Mesmo em crédito com recursos livres, mais que o juro, para os consumidores brasileiros importa “se a prestação cabe no bolso”, ou seja, o prazo do financiamento. E com o jeitinho brasileiro dá para ficar até 40 dias sem pagar juros correspondentes à compra a prazo com cartões! Os pobres sem cartões, que pagam preços à vista inflados como se fossem preços a prazo, e os desavisados adimplentes do crédito rotativo pagam por esse “período de graça”. Mundo cruel…

Por fim, por que a política monetária é benéfica aos parasitas? Porque não há como deixar de almejar ser rentista nessa Terra Abençoada e aproveitar a farra dos juros reais. Isso é pecado em todas as religiões, inclusive na de esquerda. Elas condenam quem vive ociosamente da renda do capital sem se conformar à labuta obrigatória para todos os despossuídos. Porém, paga-se o pecado fazendo a louvação diária a O Mercado, ente sobrenatural.

Como não se aproveitar dessa vida mansa que não existe em outro lugar? Afinal, nessa Terra da Felicidade para O Capital, oferece-se a oportunidade de viver da maior taxa de juros real do mundo!

O raciocínio é muito simples e formulado de maneira “tréschic” por Thomas Piketty, em seu best-seller “Le Capital auXXIe. Siècle”: r > g, isto é, o rendimento do capital maior do que o rendimento do trabalho leva à concentração da riqueza.
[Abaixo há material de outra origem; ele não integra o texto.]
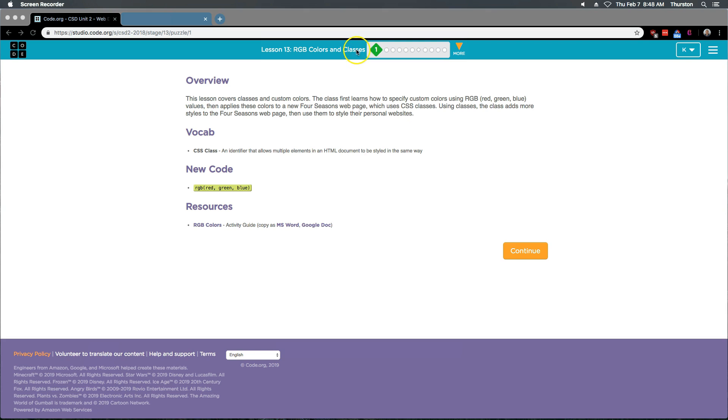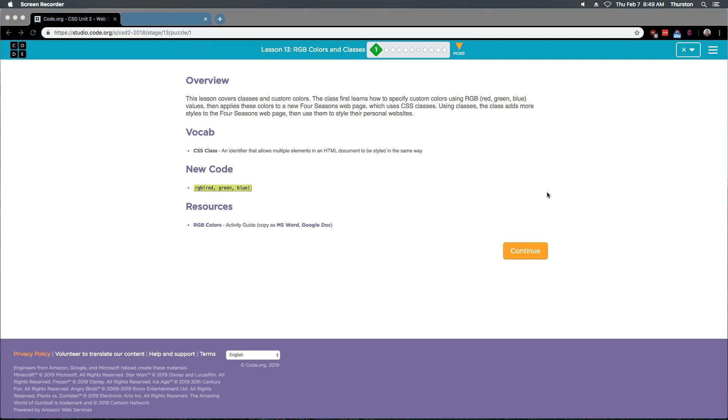Lesson 13 Part 1: RGB Colors and Classes. Overview: This lesson covers classes and custom colors. The class first learns how to specify custom colors using RGB (red, green, blue) values, then applies these colors to a new Four Seasons web page which uses CSS classes. Using CSS classes, the class adds more styles to the Four Seasons web page.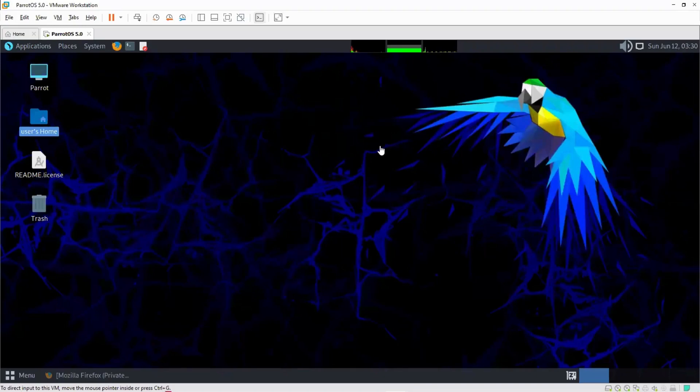Hello everyone. Thank you for tuning in once again. In this video, I'm going to show you how to install and use ProtonVPN in Parrot Security Operating System, which as you all know is a Linux distro.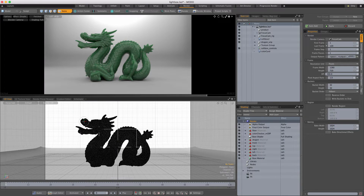Hey everybody, Adam here. Let's talk about rendering in Modo because I do that from time to time. We're going to talk about something called progressive rendering. It sounds very cool and very futuristic. It's actually pretty straightforward. We've had it for quite a while in Modo, but not enough people know about it.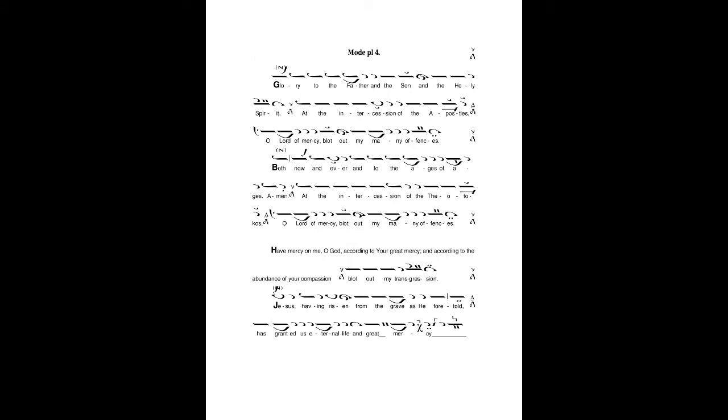Glory to the Father, and the Son, and the Holy Spirit, At the intercession of the apostles, O Lord of mercy, blot out my many offenses,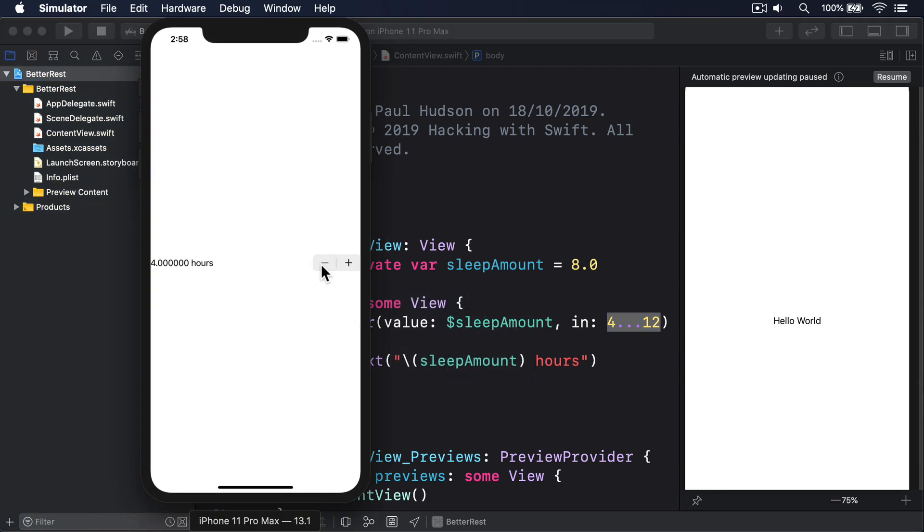This allows us to control the sleep range, so users can't try to sleep for 24 hours, but also lets us reject impossible values. You can't sleep for minus 1 hours, for example.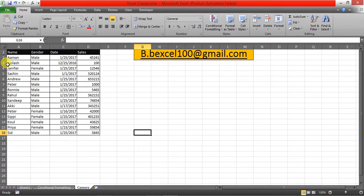Hello guys, welcome to BB Excel. Today we will talk about the Camera function in Excel. This function is only available in Excel 2010 and above. Now let's see how you can enable this function, and after that we will talk about the functionality of this tool.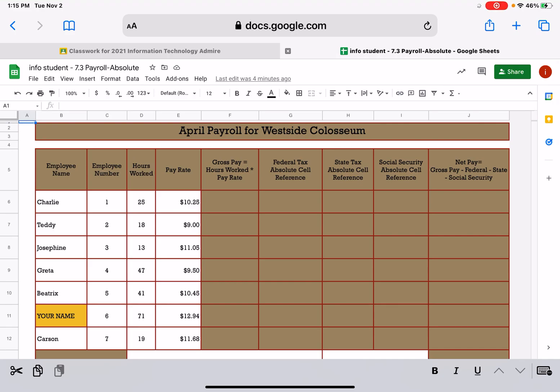There's all kinds of good stuff going on in this next assignment that's called payroll. So look at your title. We have April payroll for the Westside Coliseum. We have employee name, employee number, the hours worked, and the pay rate.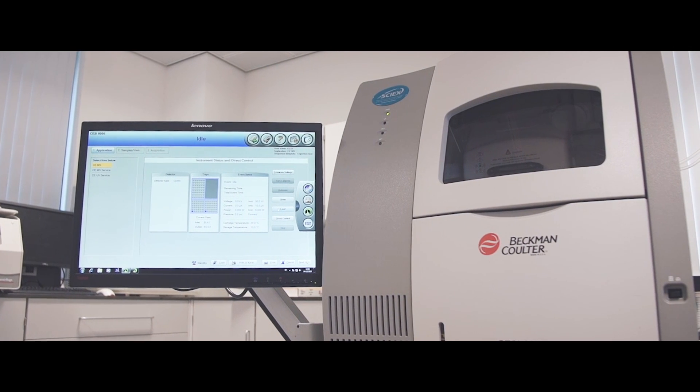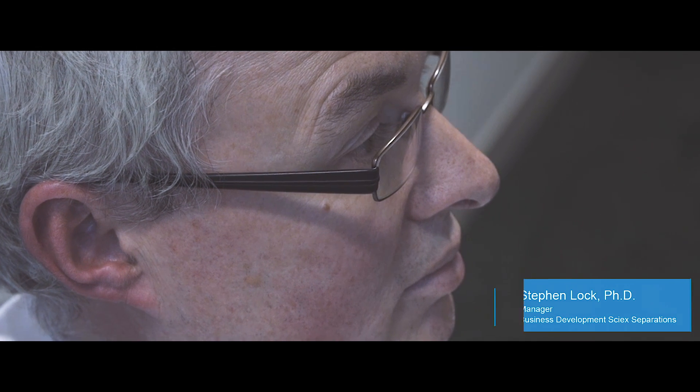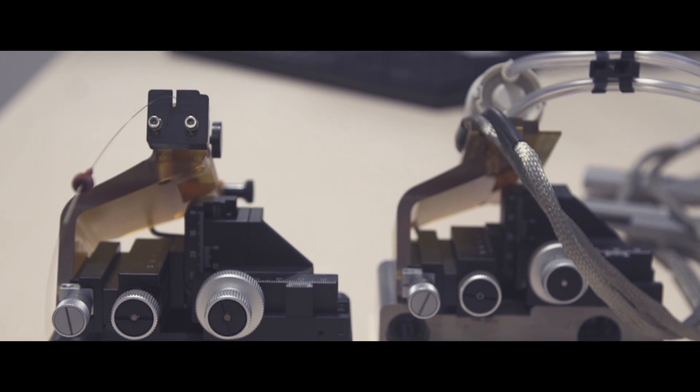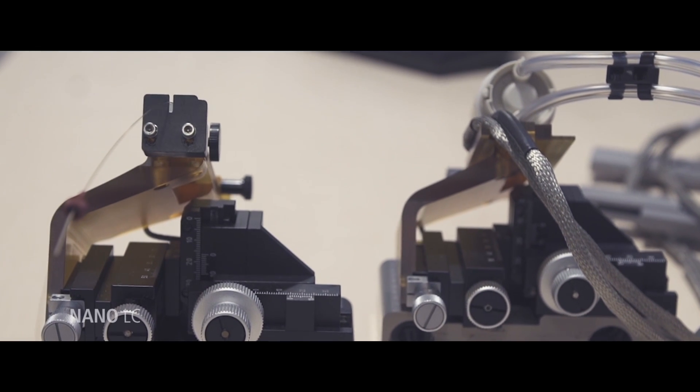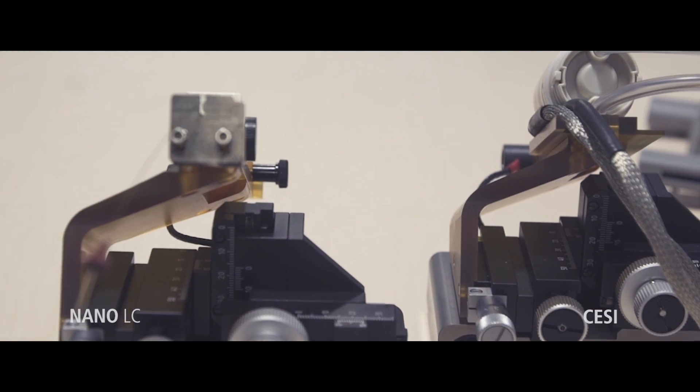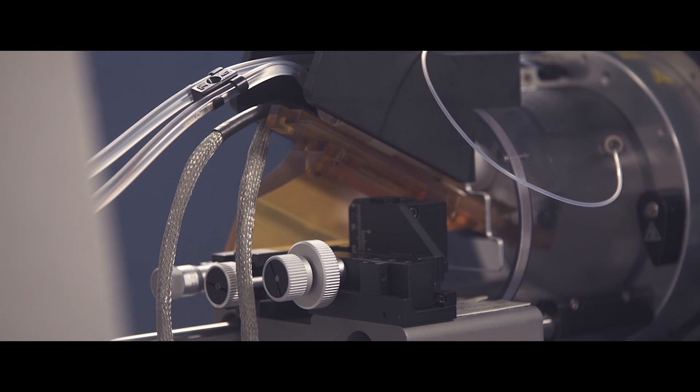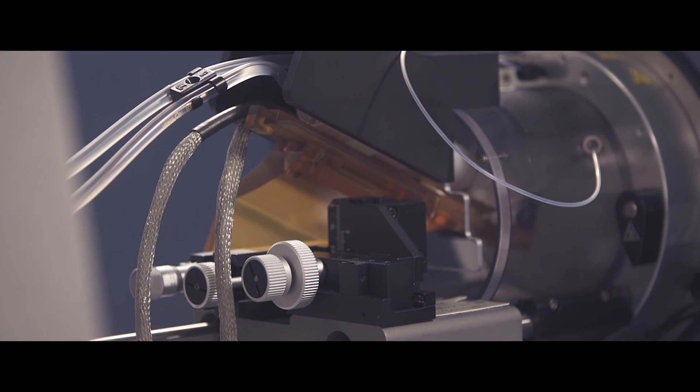I've been working with LC and LCMS systems for over 20 years. The main difference between nano LC and CSI connecting to a mass spec is the issue of dead volume.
Aqui a taxa de juros real esperada está em 7%aa, ou seja, mesmo que o salário consiga a reposição inflacionária integral, a cada ano, o capital crescerá 7% mais do que ele. Pela Lei do Crescimento Acumulativo, uma taxa de retorno anual superior em alguns pontos percentuais à taxa de inflação, acumulada ao longo de décadas, conduz a uma capitalização muito forte do investimento inicial — contanto que os retornos sejam sempre reinvestidos.

Aqui, entre o final de 2002 e o de 2014, o poder aquisitivo do capital aplicado na taxa de juros (Selic) real elevou-se cerca de 125%. Quem tinha investido R$ 230 mil, no final do Governo FHC, tornou-se milionário no final do primeiro mandato da Presidenta Dilma. E ainda bate “panela-vazia”?!